SELECT short_code FROM pastes
WHERE expires_at < now()
AND status = 'NOT_EXPIRED'
LIMIT 1000

They get overlapping results. Both pick up the same 1000 rows. Both decrement ref_count, both delete from S3, both delete from Postgres. The result:

  • ref_count goes to -1 (wrong)
  • S3 delete called twice (harmless but wasteful)
  • Second Postgres DELETE fails silently (row already gone)

At best this is wasteful. At worst it corrupts ref_count, which causes content to be deleted while other pastes still reference it — breaking those pastes permanently.


Redis distributed lock + status transition

The solution has two parts working together:

Part 1 — Redis distributed lock

Before a worker starts processing a batch, it acquires a Redis lock with a short TTL (e.g. 30 seconds). Only one worker holds the lock at a time. Other workers fail fast on lock acquisition and wait before retrying.

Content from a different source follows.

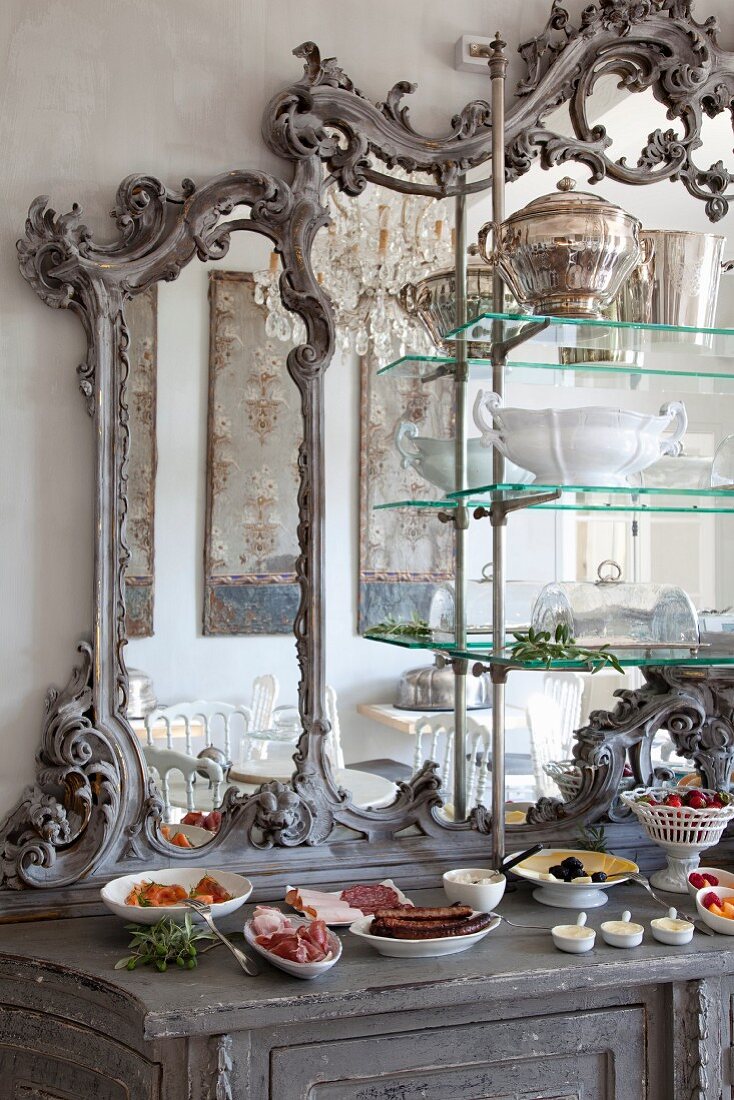 Antique dresser with buffet arranged in front of mirror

This prevents two workers from querying the same rows simultaneously.

Part 2 — Status transition to DELETION_IN_PROGRESS

Once a worker acquires the lock and fetches a batch, it immediately marks those rows:

UPDATE pastes
SET status = 'DELETION_IN_PROGRESS',
    deletion_initiated_at = now()
WHERE short_code IN (...)

Then it releases the lock. Now other workers can acquire the lock and fetch the next batch — but their query filters WHERE status = 'NOT_EXPIRED', so they never see rows already claimed.

Worker 1: acquires lock → fetches batch A → marks DELETION_IN_PROGRESS → releases lock → processes batch A
Worker 2: acquires lock → fetches batch B (NOT_EXPIRED only) → marks DELETION_IN_PROGRESS → releases lock → processes batch B
Worker 3: acquires lock → fetches batch C → ...

Workers process their batches in parallel with no overlap. The lock is only held for the brief window of fetching and marking — processing happens lock-free.


Scheduling

Workers run nightly starting at midnight. Each worker loops continuously — fetch batch, mark, process, repeat — until no more NOT_EXPIRED rows with expires_at < now() are found. Then it sleeps until the next scheduled run.